In recent years, new, particularly pressing areas within legal medicine have emerged. These include defensive medicine—a practice aimed at preventing patient dissatisfaction and avoiding malpractice claims (3)—and clinical risk management, which seeks to enhance the quality and safety of healthcare services (4). In this global context, some countries adopt a holistic approach to forensic and legal medicine, integrating not only forensic pathology and court participation but also criminology, psychopathology, social medicine, and deontology. This comprehensive perspective has led to the establishment of forensic-and-legal-medicine units within hospitals, where these disciplines work collaboratively to meet the requirements of justice administration (5).

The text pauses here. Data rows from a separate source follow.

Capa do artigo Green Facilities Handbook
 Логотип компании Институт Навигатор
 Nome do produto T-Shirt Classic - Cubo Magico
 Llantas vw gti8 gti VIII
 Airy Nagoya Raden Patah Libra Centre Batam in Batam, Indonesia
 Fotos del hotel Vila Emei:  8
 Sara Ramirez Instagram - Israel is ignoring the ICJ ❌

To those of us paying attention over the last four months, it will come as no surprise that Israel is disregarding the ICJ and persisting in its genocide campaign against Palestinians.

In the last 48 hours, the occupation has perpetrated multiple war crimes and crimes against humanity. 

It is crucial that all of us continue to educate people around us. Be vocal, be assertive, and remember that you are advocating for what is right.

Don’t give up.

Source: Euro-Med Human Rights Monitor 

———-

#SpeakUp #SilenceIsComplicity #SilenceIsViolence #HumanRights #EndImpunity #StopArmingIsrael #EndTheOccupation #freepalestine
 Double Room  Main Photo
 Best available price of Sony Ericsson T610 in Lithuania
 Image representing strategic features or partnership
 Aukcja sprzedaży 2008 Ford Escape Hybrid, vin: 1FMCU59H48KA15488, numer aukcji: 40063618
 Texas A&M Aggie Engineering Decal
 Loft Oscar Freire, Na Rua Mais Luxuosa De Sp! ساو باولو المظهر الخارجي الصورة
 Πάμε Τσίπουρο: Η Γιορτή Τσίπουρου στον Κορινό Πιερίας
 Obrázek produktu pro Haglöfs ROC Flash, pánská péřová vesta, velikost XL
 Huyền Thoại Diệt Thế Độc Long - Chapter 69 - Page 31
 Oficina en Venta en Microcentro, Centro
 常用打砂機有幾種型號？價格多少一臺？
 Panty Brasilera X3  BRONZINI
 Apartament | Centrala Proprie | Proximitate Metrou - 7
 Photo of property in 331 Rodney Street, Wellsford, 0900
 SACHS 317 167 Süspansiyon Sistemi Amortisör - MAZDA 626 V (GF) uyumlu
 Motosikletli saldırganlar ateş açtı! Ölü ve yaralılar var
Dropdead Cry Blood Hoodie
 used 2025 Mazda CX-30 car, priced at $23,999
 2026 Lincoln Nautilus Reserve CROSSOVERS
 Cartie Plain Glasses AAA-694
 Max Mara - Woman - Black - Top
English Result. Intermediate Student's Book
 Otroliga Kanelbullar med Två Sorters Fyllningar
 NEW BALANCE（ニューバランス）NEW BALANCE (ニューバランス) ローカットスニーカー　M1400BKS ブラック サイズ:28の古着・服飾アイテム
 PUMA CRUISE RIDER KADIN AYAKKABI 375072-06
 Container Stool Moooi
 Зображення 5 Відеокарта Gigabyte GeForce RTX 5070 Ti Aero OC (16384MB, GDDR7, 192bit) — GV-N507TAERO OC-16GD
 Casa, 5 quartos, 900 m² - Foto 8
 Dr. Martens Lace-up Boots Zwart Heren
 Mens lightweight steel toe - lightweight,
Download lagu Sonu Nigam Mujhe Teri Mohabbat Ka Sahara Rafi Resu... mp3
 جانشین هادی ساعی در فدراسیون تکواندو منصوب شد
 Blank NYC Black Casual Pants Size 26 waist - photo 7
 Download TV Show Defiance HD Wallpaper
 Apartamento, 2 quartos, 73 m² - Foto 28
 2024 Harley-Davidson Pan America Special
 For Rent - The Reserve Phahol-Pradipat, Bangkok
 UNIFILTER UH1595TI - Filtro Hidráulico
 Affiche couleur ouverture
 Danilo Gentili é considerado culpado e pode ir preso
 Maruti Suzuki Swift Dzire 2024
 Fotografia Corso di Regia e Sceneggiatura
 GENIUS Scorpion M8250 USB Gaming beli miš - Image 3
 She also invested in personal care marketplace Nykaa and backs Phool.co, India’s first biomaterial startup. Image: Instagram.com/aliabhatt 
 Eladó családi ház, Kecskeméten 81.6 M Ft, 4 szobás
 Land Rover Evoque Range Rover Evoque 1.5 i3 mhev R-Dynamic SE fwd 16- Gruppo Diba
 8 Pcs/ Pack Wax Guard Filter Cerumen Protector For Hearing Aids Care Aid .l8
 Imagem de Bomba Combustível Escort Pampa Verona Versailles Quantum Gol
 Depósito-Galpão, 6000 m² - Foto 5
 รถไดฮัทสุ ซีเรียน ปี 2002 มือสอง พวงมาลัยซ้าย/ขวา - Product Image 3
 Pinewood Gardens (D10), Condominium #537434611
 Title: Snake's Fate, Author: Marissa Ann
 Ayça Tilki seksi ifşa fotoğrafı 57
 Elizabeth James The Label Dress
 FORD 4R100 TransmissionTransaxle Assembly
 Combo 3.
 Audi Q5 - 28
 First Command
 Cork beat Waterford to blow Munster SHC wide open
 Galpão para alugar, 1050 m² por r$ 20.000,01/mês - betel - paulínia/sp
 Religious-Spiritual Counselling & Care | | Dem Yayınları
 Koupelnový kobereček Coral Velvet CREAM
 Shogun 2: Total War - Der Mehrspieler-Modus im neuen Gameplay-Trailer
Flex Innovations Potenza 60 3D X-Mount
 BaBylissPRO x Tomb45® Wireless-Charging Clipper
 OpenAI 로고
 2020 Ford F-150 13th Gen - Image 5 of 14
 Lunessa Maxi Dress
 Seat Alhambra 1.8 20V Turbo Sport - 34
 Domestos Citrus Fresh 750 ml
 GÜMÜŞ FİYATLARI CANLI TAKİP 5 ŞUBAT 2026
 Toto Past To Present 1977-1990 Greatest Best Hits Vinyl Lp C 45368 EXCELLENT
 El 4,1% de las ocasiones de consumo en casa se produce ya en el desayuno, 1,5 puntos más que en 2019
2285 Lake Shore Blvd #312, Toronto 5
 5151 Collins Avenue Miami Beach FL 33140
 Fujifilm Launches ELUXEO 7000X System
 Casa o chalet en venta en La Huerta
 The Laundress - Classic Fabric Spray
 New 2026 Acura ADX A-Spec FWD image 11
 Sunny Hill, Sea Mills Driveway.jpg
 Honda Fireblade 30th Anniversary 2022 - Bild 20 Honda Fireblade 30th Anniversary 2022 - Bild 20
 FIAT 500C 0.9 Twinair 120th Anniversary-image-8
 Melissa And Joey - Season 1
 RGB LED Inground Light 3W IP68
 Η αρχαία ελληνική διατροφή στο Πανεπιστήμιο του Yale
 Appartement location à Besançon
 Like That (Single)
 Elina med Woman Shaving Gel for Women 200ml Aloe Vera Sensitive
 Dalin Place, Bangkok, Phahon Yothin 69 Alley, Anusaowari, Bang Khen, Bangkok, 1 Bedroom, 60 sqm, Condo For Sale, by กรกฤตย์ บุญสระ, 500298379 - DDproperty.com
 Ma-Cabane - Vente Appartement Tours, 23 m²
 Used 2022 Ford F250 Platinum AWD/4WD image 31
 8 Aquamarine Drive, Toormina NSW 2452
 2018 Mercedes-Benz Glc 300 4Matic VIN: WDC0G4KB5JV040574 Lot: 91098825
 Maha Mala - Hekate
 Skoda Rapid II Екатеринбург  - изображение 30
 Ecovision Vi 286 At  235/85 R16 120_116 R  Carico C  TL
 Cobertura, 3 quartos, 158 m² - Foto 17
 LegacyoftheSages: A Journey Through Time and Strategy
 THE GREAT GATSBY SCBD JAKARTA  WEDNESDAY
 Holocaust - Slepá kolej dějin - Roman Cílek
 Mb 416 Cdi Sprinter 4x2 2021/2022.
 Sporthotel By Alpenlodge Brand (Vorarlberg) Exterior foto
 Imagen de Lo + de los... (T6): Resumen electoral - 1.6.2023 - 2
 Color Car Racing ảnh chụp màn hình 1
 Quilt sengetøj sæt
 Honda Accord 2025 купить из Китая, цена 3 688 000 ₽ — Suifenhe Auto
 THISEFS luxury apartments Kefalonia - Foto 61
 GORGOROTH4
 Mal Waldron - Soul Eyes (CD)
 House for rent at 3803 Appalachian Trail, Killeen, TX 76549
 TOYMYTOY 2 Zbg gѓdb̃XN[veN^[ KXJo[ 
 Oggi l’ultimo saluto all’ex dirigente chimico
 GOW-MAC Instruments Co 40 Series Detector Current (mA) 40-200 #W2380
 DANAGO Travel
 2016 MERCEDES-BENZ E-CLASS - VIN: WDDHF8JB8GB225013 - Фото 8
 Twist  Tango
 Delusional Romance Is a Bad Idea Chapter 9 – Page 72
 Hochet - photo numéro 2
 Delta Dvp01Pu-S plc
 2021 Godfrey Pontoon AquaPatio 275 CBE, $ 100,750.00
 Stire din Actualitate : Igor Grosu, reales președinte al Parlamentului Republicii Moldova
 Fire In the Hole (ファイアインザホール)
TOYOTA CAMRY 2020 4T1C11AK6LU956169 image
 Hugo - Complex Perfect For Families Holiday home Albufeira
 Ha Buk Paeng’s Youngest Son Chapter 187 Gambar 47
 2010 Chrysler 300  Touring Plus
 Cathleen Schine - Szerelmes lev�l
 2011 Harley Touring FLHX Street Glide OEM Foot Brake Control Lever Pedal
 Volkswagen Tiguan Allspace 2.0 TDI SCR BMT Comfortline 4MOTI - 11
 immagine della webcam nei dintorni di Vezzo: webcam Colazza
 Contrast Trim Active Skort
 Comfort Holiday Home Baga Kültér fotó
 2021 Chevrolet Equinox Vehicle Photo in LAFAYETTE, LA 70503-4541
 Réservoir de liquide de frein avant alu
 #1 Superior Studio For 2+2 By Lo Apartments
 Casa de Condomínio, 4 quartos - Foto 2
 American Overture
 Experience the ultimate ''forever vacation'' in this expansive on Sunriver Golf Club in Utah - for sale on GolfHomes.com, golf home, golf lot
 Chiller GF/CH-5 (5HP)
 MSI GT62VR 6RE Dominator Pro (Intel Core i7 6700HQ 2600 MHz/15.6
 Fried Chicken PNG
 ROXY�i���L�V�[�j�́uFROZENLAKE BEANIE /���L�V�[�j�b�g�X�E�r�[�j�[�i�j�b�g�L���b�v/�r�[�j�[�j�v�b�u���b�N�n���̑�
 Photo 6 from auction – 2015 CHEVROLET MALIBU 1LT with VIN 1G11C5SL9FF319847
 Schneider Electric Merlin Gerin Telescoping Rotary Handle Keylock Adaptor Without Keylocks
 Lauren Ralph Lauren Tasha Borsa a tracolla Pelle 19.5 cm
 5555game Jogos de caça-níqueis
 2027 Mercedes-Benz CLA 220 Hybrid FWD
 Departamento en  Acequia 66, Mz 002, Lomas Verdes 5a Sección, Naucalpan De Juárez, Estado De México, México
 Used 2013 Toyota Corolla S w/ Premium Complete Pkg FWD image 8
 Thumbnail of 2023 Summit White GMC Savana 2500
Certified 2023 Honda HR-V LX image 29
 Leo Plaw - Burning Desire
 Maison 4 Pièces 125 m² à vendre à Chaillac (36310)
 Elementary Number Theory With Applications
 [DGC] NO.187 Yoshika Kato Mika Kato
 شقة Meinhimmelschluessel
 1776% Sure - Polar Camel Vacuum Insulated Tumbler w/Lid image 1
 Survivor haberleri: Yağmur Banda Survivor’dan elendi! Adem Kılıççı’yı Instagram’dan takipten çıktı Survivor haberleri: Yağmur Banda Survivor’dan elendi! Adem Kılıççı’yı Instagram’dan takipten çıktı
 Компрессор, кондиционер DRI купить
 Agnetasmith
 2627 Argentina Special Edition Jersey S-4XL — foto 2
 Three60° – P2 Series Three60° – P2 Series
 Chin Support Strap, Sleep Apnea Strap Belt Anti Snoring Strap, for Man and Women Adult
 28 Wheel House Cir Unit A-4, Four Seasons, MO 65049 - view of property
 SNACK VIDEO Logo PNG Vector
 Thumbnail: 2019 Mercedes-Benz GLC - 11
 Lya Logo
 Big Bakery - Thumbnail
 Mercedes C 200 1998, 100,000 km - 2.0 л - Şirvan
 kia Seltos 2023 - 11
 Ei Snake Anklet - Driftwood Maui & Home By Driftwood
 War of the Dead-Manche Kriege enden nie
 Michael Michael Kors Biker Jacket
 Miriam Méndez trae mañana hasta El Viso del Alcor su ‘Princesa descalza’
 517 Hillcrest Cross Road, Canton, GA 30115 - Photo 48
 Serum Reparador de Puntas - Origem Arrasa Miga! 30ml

Despite the proliferation of forensic and legal medicine units and the myriad medico-legal issues in daily clinical practice, there remains a scarcity of evidence in the literature regarding the scope and nature of tasks undertaken. These gaps represent both a current issue and a future challenge, as these activities address highly sensitive issues, including personal injury, sexual violence, consent and refusal of proposed treatments, and additional clinical complexities. Moreover, structured retrospective data can enable the profiling of patient risk and, prospectively, facilitate a more refined and detailed understanding not only of specific risk profiles but also, with the aid of artificial intelligence, of potential treatment outcomes and associated complications. This article aims to present insights and outcomes from 4 years of forensic consultations within a clinical setting at a major Italian hospital.
2 Materials and methods
The study entailed systematically collecting and analyzing forensic consultations conducted over a 4-year period, from 1 January 2019 to 31 December 2022, at the Policlinico Hospital in Bari, which has over 1,500 beds and an Emergency Department. A total of 511 consecutive forensic consultations were gathered, with all data entered into a dedicated database. Consultations involve opinions provided by specialists in a specific medical field to colleagues in other departments regarding the management, treatment, and discharge of admitted patients (6). Following the consultation, the specialist completes a standardized form, routinely included in the patient’s medical record, which documents the consultation outcome. This form typically includes the patient’s details, date and time of consultation, requesting department, diagnostic query, and consultation outcome. These consultations were categorized as summarized in Table 1, and each consultation type was further classified based on various factors, including reported types of sexual assault, discharge protocols, informed consent and capacity for self-determination, personal injury, and other clinical matters.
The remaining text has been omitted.